Data extract:
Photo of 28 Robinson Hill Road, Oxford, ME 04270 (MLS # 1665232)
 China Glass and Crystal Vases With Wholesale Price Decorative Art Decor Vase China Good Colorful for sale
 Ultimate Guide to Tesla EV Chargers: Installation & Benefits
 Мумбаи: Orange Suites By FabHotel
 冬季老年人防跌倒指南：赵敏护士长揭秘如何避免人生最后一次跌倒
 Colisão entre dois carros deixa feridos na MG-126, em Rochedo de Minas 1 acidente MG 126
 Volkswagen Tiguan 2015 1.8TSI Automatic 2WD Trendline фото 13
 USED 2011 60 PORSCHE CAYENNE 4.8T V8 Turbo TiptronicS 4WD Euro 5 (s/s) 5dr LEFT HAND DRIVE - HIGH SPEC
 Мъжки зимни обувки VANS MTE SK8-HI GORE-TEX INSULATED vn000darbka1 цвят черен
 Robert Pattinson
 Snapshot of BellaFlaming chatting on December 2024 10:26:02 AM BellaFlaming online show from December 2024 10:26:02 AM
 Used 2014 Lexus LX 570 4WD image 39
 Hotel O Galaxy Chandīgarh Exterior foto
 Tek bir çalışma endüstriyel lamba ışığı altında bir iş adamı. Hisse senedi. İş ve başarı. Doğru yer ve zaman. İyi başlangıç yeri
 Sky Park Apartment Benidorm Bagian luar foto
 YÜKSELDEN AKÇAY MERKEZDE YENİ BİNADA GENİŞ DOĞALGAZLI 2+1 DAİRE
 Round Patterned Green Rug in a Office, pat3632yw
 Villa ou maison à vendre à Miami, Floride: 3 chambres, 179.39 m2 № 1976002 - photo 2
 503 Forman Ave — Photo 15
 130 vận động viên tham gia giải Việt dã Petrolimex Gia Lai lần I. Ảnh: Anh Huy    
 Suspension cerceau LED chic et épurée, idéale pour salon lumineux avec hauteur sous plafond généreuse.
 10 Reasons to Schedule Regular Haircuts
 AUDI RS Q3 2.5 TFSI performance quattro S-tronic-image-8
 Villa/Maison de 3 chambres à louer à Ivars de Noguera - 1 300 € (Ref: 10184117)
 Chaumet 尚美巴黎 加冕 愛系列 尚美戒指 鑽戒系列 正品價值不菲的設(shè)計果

What you will do: All entries must come back exactly as they were written.

The completed task:
Photo of 28 Robinson Hill Road, Oxford, ME 04270 (MLS # 1665232)
 China Glass and Crystal Vases With Wholesale Price Decorative Art Decor Vase China Good Colorful for sale
 Ultimate Guide to Tesla EV Chargers: Installation & Benefits
 Мумбаи: Orange Suites By FabHotel
 冬季老年人防跌倒指南：赵敏护士长揭秘如何避免人生最后一次跌倒
 Colisão entre dois carros deixa feridos na MG-126, em Rochedo de Minas 1 acidente MG 126
 Volkswagen Tiguan 2015 1.8TSI Automatic 2WD Trendline фото 13
 USED 2011 60 PORSCHE CAYENNE 4.8T V8 Turbo TiptronicS 4WD Euro 5 (s/s) 5dr LEFT HAND DRIVE - HIGH SPEC
 Мъжки зимни обувки VANS MTE SK8-HI GORE-TEX INSULATED vn000darbka1 цвят черен
 Robert Pattinson
 Snapshot of BellaFlaming chatting on December 2024 10:26:02 AM BellaFlaming online show from December 2024 10:26:02 AM
 Used 2014 Lexus LX 570 4WD image 39
 Hotel O Galaxy Chandīgarh Exterior foto
 Tek bir çalışma endüstriyel lamba ışığı altında bir iş adamı. Hisse senedi. İş ve başarı. Doğru yer ve zaman. İyi başlangıç yeri
 Sky Park Apartment Benidorm Bagian luar foto
 YÜKSELDEN AKÇAY MERKEZDE YENİ BİNADA GENİŞ DOĞALGAZLI 2+1 DAİRE
 Round Patterned Green Rug in a Office, pat3632yw
 Villa ou maison à vendre à Miami, Floride: 3 chambres, 179.39 m2 № 1976002 - photo 2
 503 Forman Ave — Photo 15
 130 vận động viên tham gia giải Việt dã Petrolimex Gia Lai lần I. Ảnh: Anh Huy    
 Suspension cerceau LED chic et épurée, idéale pour salon lumineux avec hauteur sous plafond généreuse.
 10 Reasons to Schedule Regular Haircuts
 AUDI RS Q3 2.5 TFSI performance quattro S-tronic-image-8
 Villa/Maison de 3 chambres à louer à Ivars de Noguera - 1 300 € (Ref: 10184117)
 Chaumet 尚美巴黎 加冕 愛系列 尚美戒指 鑽戒系列 正品價值不菲的設(shè)計果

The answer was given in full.